:: Directions for this task ::
Copy each line from the records below in which the word "Outdoor" is found.

*** Block opens ***

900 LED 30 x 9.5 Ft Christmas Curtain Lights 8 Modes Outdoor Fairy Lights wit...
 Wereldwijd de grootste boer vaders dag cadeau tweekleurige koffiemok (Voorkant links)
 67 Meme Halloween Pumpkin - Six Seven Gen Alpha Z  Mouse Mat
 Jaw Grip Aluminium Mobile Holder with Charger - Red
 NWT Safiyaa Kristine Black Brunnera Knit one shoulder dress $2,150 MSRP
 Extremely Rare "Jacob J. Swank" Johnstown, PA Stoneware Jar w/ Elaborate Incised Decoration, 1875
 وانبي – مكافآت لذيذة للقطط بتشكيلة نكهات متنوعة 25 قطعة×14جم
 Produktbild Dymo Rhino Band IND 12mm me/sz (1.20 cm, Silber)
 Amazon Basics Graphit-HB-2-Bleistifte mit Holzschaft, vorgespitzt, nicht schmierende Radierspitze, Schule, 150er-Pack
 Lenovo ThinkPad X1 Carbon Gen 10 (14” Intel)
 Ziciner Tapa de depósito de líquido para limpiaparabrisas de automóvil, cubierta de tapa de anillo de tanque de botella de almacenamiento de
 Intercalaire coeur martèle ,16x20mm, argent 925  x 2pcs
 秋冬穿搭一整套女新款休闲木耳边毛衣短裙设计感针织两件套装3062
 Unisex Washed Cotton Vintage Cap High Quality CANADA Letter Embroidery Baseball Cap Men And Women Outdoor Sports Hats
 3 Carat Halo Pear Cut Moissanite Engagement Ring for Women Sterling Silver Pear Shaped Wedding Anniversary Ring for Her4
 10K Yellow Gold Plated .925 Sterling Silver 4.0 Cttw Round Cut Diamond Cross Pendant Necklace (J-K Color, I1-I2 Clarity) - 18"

*** Block closes ***

:: Exercise answer ::
900 LED 30 x 9.5 Ft Christmas Curtain Lights 8 Modes Outdoor Fairy Lights wit...
 Unisex Washed Cotton Vintage Cap High Quality CANADA Letter Embroidery Baseball Cap Men And Women Outdoor Sports Hats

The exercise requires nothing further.